Gibbs sampling

1 Introduction to the model

We want to estimate the unknown parameters \(\mu\) and \(\sigma\) of a normal distribution. We will use the following model: \[ \begin{align} &y = \mu + \varepsilon \\ &\varepsilon \sim \mathcal{N}(0, \sigma) \\ \end{align} \]

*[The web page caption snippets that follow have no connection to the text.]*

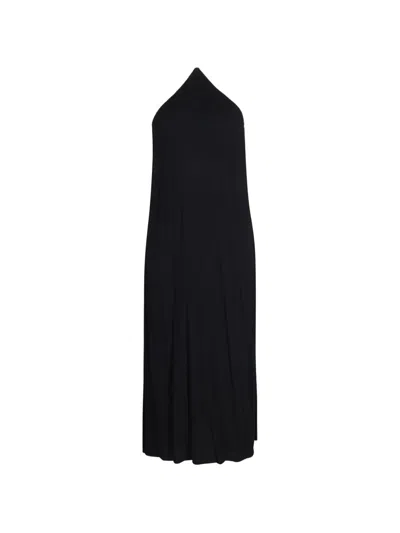 Pre-owned Reformation Damaris Halterneck Midi Dress In Black
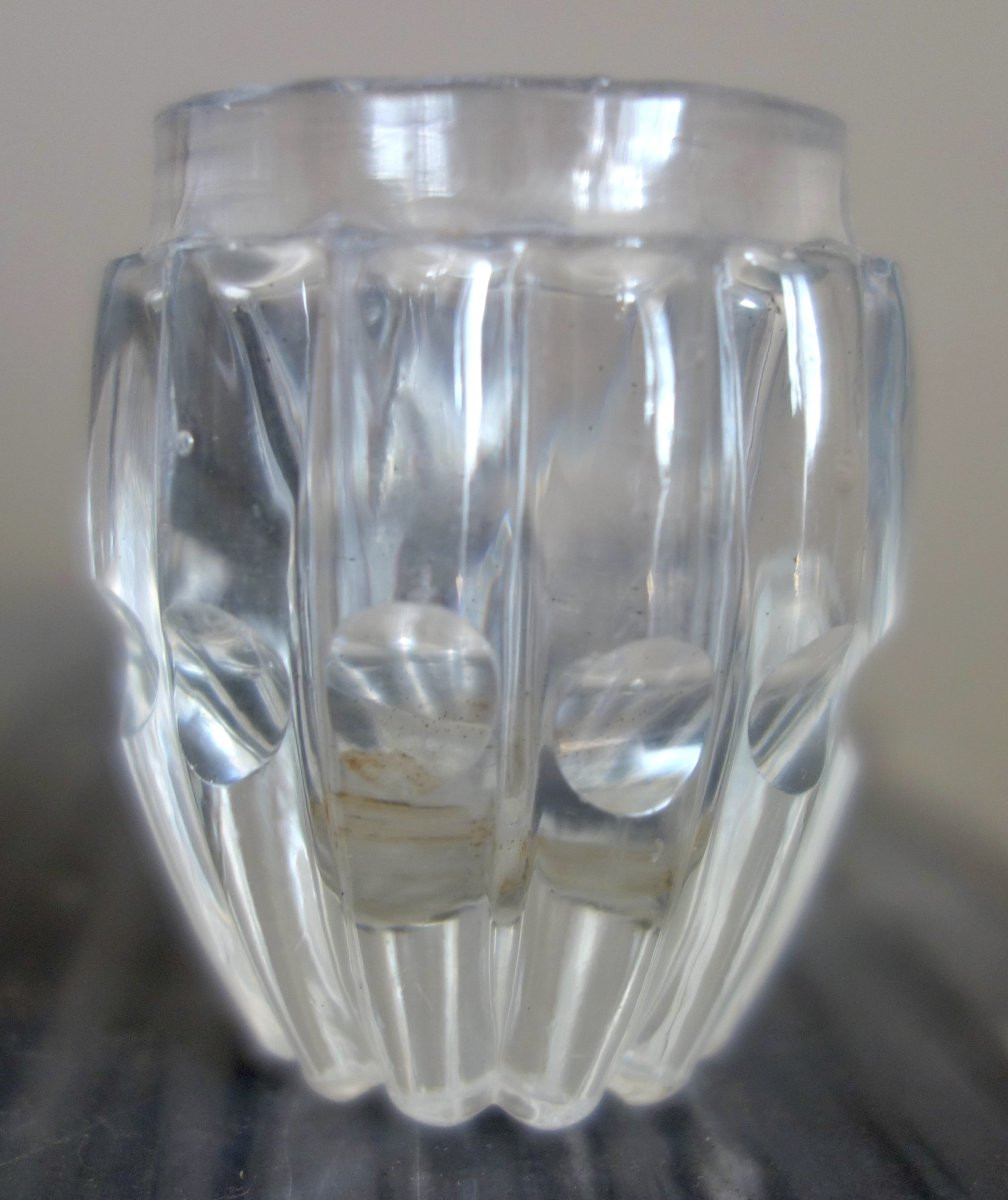 Cave à liqueur d'époque Empire en cristal du Creusot et acajou - complète avec ses verres-photo-5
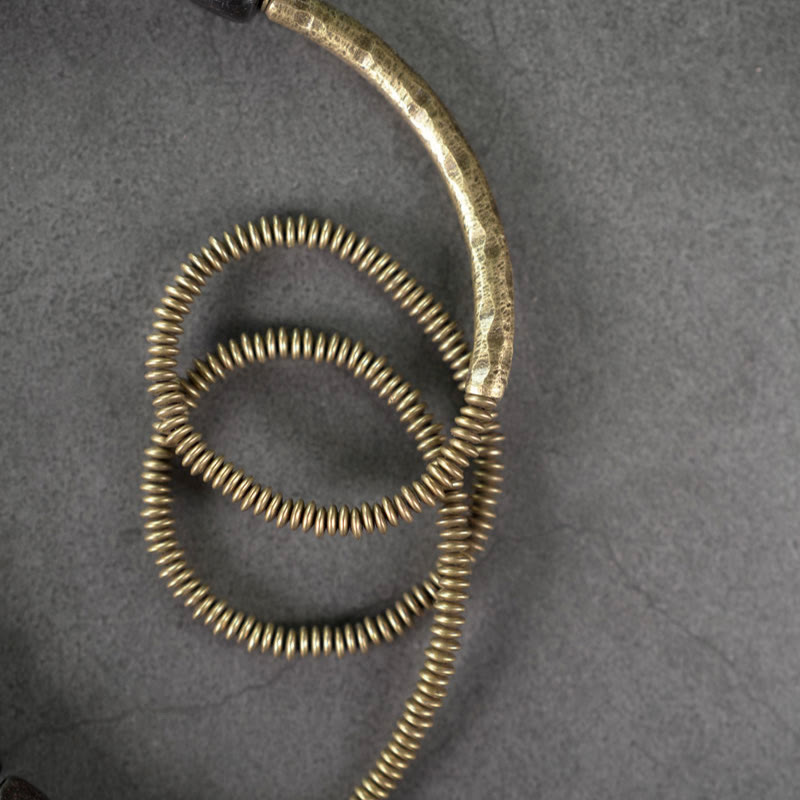 KarmaRipple's Vintage Peace Tibetan Ebony Wood Beadwork Bronze Multilayered Balancing Bracelet p4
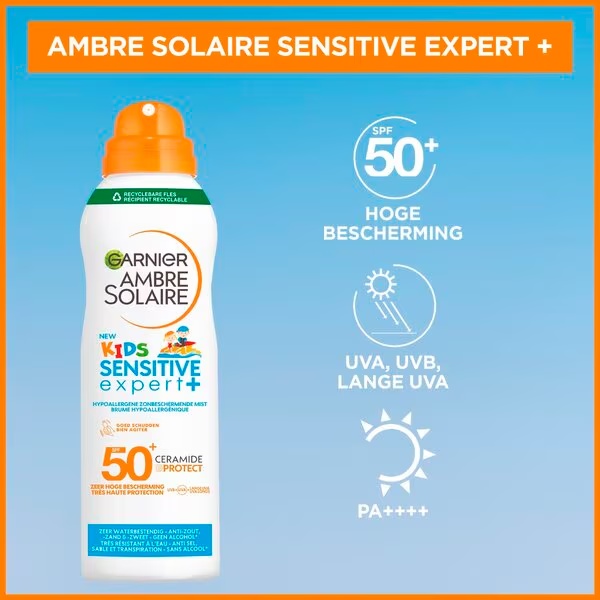Garnier Ambre Solaire Kids Sensitive Expert+ SPF50+ opaľovacia hmla<br>150 ml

and the following priors: \[ \begin{align} &\mu \sim \mathcal{N}(0, 5) \\ &\sigma \sim \mathcal{N}_+(0, 2) \end{align} \]

2 Gibbs sampling

2.1 Load packages

We will use the CairoMakie package for plotting and the Distributions package for generating data and calculating the likelihood. We will also use the MCMCChains package for checking the convergence of the chains.

Code
using CairoMakie
using Distributions
using MCMCChains

set_theme!(
    fontsize=18,
    Axis=(xgridvisible=false, ygridvisible=false,
          topspinevisible=false, rightspinevisible=false),
)

2.2 Generate data

We generate 500 data points from a normal distribution with the true parameters \(\mu = 5\) and \(\sigma = 2\):

μ, σ = 5, 2
y = rand(Normal(μ, σ), 500)
hist(y)

2.3 Sampling

We start with random values for \(\mu\) and \(\sigma\) from the prior distributions. For each step, we either sample \(\mu\) or \(\sigma\) and keep the other parameter constant. The method is a special calse of the Metropolis-Hastings algorithm.

nchains = 6
nsamples = 5_000
burnin = nsamples ÷ 2
θ = zeros(2, nsamples, nchains)

μ_prior = Normal(0, 5)
σ_prior = truncated(Normal(0, 2); lower = 0)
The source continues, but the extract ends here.